Over the last decade and a half The Image Factory has been pushing the edge of contemporary art in Belize. But, along with art impresario Joan (Juan) Duran, they've been doing the same thing in Central America and the Caribbean. And now they've put together the combined output of all those art interventions in a dramatic new book. It's a beautiful edition, over 400 pages long and costs one hundred dollars. But what is this art book about? We tried to find out at the very unusual launching today:..
Jules Vasquez reporting
An isolate cropping of students, friends, fans and press in the middle of the cavernous SJC Gymnasium. Hand-fans aflutter in visible discomfort form the oppressive heat.
It's probably the first book launch staged in such a strange setting but this is Art with a capital 'A' and the audience was only allegorical:
Yasser Musa - Artist
"The reason we are sitting here in this hot, beautiful, well-lit gymnasium is not by accident. It is intentional because we wanted to create a metaphor that says that this space is a laboratory of energy."
And the book, landings new art + ideas from the Caribbean and central America 2000 / 2010 comes in at 464 pages, painstakingly compiled and lovingly curated over 4 years. It is what they call a container of that energy harnessed from across the region:
Yasser Musa
"I like to think that as an artist participating in this project, I helped to unload some ideas and now that I can work and get it into the library system then maybe some students will unload some of the ideas. So it's this kind of ying and yang - it is really the ping pong of my art life at this stage."
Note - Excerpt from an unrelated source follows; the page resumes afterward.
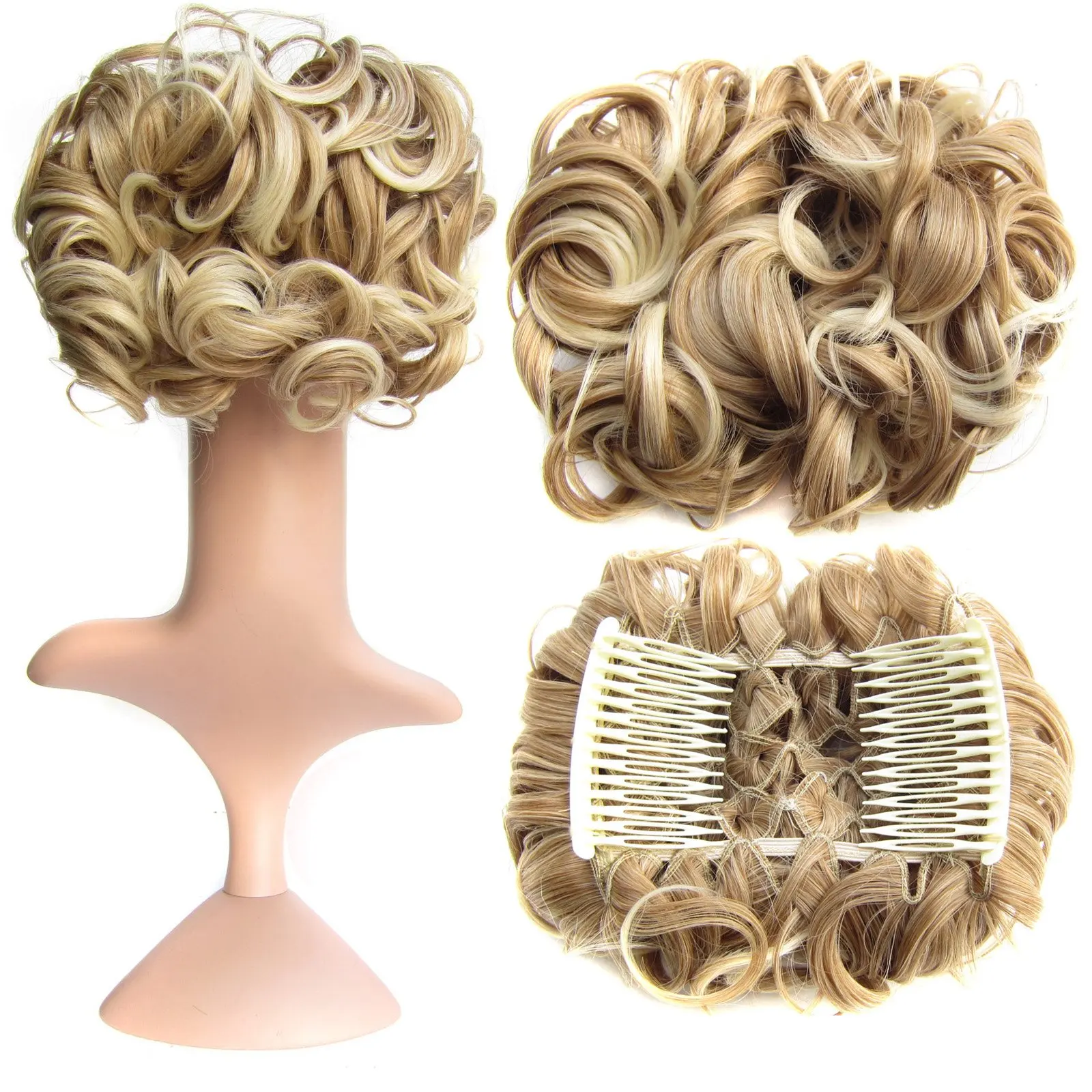 Wholesale Short Messy Curly Dish Hair Bun Extension Easy Stretch hair Combs Clip in Ponytail Extension Scrunchie Chignon Tray Po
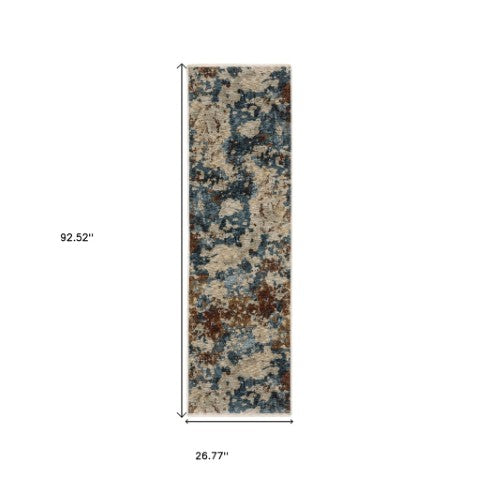 Homeroots 5' Elegant Beige And Teal Abstract Distressed Area Rug With Fringe For Stylish Home Decor 8' Runner Polyester 575589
Joan Duran - Curator - landings new art + ideas from the Caribbean and central america 2000 / 2010
"It's well over 500 views from young people 99% of them - mostly artist - they're also people that their main job is to write or people that their main duty life is just to think. It will make you realize that the entire world - even our own region, it's not only us from Half Moon Caye to Benque - we are living in a grandiose planet."
Yasser Musa
"From him to the artist from the Guatemalan highlands to the aritst from Belize, Honduras, Cuba, the Yucatan - as far east as Trinidad and Tobago - we have brought the Hurricane Zone artist and cultural thinkers and writers together - but not under the physical or meteorological hurricane - but we've said we're living in a political and social upheaval which is a kind of living hurricane. So under that context we brought that together. My view is that, I'm not naive, we're not a nation of readers but over time who knows - maybe in two or ten years it might be of value - that is why I call it an artifact, it is beautiful yes -but how you act with it and what you get from the artifact is important."
Doctoral student in art History, Salvadorean-American Kency Cornejo says the book bridges an important and often overlooked divide:
Kency Cornejo - PhD Candidate Art History, Duke Univ.
"This book, the value that I see in it, is that it's exactly that - it's a history and narrative written from the perspective of Central America by Central American artists and that is very important. For you, it's not for you to read it and consume it and say this is the history - it's for you to read it and criticize it and challenge it - throw tomatoes at it if you want, like it or don't like but be open to the fact that these are voices coming from Central America talking about art and visual culture and about decolonizing the way we see. But when people are colonized, they're not just colonized as bodies right? They have to colonize their minds in order to control them, they have to colonize the way that they see in order to implement different ways of seeing so that they can see themselves in certain ways. So the challenge is not just political and economic, it's visual and knowledge that's an epistemic level. So that's very important and that is what this book contributes to the region."
The evangelical power of art was much discussed today:
Yasser Musa
"Art is not about beauty, it is not about putting something on the wall - it is about being a warrior, being a fighter, being an activist, art is a social action - it is a political action. But it's the mind, the power of ideas that will transform your society."
And curator Joan Duran says transformation is required:
Joan Duran
"We in Belize we have this disease, it's a mental disease from even before independence that we only seem to praise our Blue Hole's and Victoria Peaks and the Jabirus and Manatees and orchids. Look don't even forget that accidentally it happened to be me who introduced the postcard business in this country in the 70's and out of 100's of postcard - the overwhelming majority was not the buildings and Blue Hole's and national icons - it was ordinary people. That is what I'm sending to my mother ,that is what I'm sending to my friend because you want them expect to see that I live in a little Kayak in the middle of the Blue Hole and that I'm scuba diving all day? That I spend all day wiht my binoculars to see the Jabirus and the Toucans - no man. To build a nation, you need to do that - this is a cement block - this is another brick and that's how you build a new nation -with things produced by you and you and me on the side too - not just praising the inheritance from the science and nature and the different gods of the Universe, that's not nation building. that is ******** - which is a lot different"
The Book is available at the Image Factory and other booksellers. Through the donation of sponsors, a number of copies will be circulated to libraries and schools.